**REQUIRED WORK:** What is needed is an exact reproduction of the lines in the records below, starting at the line with "Appartement 3 pièces - Photo 3" and ending at the line with "3-комнатная квартира ·", both included, and nothing else; pictures stay out.

══════════════════════════════

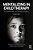 Mentalizing In Child Therapy: Guidelines For Clinical Practitioners-.. - Imagem 1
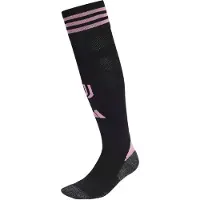 Adidas Meias Principais 25/26 da Juventus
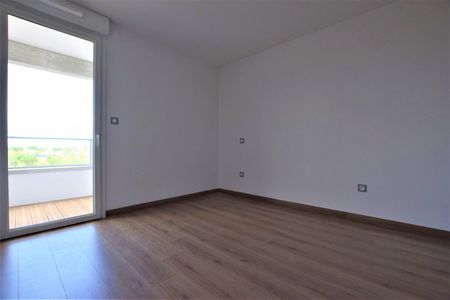 Appartement 3 pièces - Photo 3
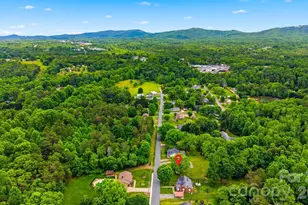 210 Valdese Dr, Morganton, NC 28655 - Photo 31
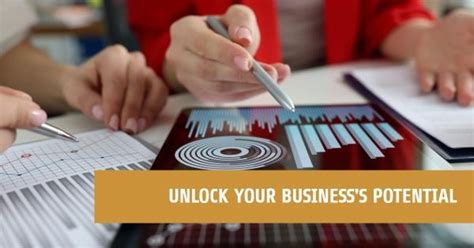 **Unlock Your Business Potential: Unleash the Power of Freelancers in Cambodia**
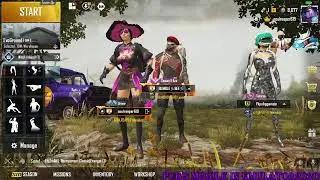 Pubg mobile emulator achievement 2020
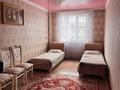 3-комнатная квартира · 97 м² · 5/5 этаж, мкр Арай-2 13 за 25 млн ₸ в Таразе — фото 4
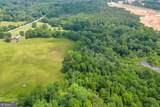 586 Covered Bridge Road - Photo 12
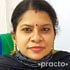 Dr. Divya Leena Prem Ayurveda in Bangalore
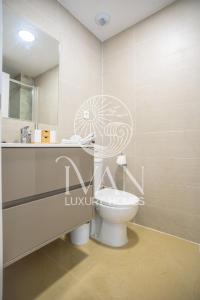 Casa Mar Ivan Luxury Homes 8ªPlta Sur 1ªLínea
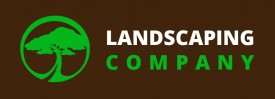 Landscaping Elsmore - Landscaping Solutions
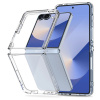 TECH-PROTECT FLEXAIR HYBRID GALAXY Z FLIP 7 PRIEHĽADNÝ (5906302318360)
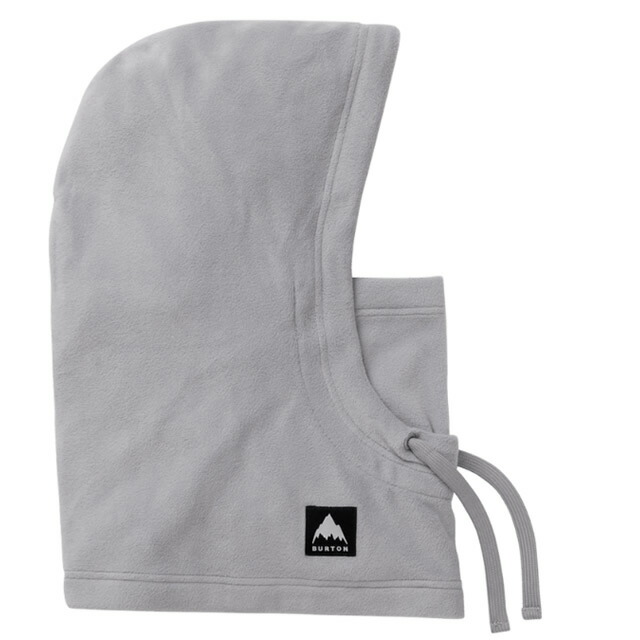 楽天市場】【最大64%OFF!!楽天スーパーSALE!!】フードウォーマー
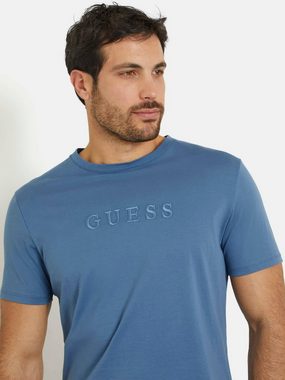 Guess T-Shirt CLASSIC (1-tlg)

══════════════════════════════

**RESPONSE AREA:**
 Appartement 3 pièces - Photo 3
 210 Valdese Dr, Morganton, NC 28655 - Photo 31
 **Unlock Your Business Potential: Unleash the Power of Freelancers in Cambodia**
 Pubg mobile emulator achievement 2020
 3-комнатная квартира · 97 м² · 5/5 этаж, мкр Арай-2 13 за 25 млн ₸ в Таразе — фото 4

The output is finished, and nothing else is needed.